Exercise directions —
Scan the listing below for the word "Volkswagen" and copy every line where it occurs.

Given data —
++++++++++++++++++++

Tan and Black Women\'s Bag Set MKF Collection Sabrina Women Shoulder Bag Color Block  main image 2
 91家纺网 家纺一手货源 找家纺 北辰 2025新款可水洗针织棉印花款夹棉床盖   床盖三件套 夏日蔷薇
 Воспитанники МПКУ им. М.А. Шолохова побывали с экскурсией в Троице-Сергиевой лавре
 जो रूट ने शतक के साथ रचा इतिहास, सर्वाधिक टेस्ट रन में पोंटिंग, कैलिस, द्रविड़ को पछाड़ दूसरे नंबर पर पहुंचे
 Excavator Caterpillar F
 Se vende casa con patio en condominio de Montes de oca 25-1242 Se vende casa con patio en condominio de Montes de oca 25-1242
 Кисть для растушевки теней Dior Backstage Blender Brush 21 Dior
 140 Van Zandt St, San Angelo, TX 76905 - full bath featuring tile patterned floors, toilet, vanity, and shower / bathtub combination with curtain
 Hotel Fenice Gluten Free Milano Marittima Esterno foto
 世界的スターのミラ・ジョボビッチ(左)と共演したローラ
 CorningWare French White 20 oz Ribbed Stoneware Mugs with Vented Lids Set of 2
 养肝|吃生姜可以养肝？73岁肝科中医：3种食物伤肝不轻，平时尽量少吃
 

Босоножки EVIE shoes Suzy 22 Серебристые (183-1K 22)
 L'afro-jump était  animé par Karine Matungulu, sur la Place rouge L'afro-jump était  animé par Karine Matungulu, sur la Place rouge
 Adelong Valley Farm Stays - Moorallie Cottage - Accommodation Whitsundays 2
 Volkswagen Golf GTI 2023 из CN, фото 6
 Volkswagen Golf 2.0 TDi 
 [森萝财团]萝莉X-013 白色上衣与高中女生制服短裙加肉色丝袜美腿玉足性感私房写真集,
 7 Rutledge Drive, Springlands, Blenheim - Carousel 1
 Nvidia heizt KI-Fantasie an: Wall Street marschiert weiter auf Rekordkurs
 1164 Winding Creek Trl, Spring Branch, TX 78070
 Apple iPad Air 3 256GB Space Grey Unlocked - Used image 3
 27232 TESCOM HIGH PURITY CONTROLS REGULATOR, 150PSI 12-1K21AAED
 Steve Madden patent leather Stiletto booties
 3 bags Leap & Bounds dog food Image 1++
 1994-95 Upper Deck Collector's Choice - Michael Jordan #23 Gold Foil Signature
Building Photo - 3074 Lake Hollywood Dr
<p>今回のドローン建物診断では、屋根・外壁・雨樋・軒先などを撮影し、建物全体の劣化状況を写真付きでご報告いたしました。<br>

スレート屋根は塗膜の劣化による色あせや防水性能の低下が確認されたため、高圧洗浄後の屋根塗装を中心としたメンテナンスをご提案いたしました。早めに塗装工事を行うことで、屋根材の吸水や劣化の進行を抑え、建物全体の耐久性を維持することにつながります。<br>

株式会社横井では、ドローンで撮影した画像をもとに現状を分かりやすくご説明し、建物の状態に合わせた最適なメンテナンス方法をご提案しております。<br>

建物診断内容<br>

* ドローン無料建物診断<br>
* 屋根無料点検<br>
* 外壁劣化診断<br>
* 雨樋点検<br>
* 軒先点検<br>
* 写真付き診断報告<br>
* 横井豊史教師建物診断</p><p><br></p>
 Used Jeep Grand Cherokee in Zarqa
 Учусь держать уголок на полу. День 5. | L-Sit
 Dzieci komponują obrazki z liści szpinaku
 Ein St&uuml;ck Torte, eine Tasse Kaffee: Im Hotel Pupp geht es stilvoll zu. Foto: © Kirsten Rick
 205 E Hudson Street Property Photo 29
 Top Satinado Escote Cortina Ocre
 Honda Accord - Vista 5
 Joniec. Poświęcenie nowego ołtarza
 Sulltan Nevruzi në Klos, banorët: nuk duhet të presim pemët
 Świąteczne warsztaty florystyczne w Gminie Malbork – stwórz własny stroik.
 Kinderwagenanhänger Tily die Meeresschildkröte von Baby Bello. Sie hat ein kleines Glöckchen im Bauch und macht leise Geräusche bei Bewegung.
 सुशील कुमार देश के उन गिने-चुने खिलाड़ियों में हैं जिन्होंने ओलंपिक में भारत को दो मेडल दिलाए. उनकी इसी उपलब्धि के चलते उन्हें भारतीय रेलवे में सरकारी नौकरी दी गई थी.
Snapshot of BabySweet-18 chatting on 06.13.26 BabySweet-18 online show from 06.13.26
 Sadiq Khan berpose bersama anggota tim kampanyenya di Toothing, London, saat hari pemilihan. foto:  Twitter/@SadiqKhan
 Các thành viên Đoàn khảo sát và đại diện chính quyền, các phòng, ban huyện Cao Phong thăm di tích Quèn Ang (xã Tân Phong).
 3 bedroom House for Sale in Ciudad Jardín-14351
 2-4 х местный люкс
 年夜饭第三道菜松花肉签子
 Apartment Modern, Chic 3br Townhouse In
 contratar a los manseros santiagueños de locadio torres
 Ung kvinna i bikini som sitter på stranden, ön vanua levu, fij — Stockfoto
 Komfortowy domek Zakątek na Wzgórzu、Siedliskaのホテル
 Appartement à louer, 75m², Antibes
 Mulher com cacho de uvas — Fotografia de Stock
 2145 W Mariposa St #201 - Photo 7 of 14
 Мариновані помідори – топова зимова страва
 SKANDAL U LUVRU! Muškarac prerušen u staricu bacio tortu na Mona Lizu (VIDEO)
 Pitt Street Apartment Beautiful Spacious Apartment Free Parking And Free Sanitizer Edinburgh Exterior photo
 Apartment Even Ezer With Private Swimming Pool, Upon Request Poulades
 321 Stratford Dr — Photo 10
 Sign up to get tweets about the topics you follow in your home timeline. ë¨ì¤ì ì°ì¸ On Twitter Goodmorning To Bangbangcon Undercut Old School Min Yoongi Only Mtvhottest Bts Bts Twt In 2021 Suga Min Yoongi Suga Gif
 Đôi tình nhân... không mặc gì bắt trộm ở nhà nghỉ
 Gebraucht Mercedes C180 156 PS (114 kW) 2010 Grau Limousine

++++++++++++++++++++

Reply to the exercise —
 Volkswagen Golf GTI 2023 из CN, фото 6
 Volkswagen Golf 2.0 TDi 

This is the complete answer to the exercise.